A informação foi repassada pelo secretário especial de Produtividade, Emprego e Competitividade do Ministério da Economia, Carlos da Costa.

Ele fez o anúncio durante uma transmissão ao vivo promovida pelo banco BTG Pactual, na 2ª feira (11).

Segundo Costa, o governo discute se o auxílio e outras medidas de socorro deverão ser desmontadas gradualmente, num processo de transição para um novo modelo econômico.

Auxílio emergencial estendido

Caso o benefício permaneça, o secretário disse que o governo terá de estudar uma forma de financiá-lo e de mantê-lo.

De acordo com ele, o governo pode desmontar o auxílio conforme as medidas de recuperação econômica ou as reformas estruturais prometidas antes da pandemia.

Na avaliação de Costa, o benefício é “extremamente liberal”, nos moldes do Imposto de Renda negativo.
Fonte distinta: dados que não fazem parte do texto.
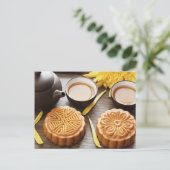 Mooncake en thee, Chinees midherfstfestival Briefkaart (Staand voorkant)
Ou seja, é quando pessoas abaixo de determinado nível de renda recebem pagamentos suplementares do governo em vez de pagarem impostos.

Além disso, o secretário indicou que medidas de apoio e de desoneração das empresas possam ser mantidas.

Para ele, o “novo normal” da economia brasileira será um cenário com “menos ônus” sobre os empregadores.

Redação produzida com informações da Agência Brasil.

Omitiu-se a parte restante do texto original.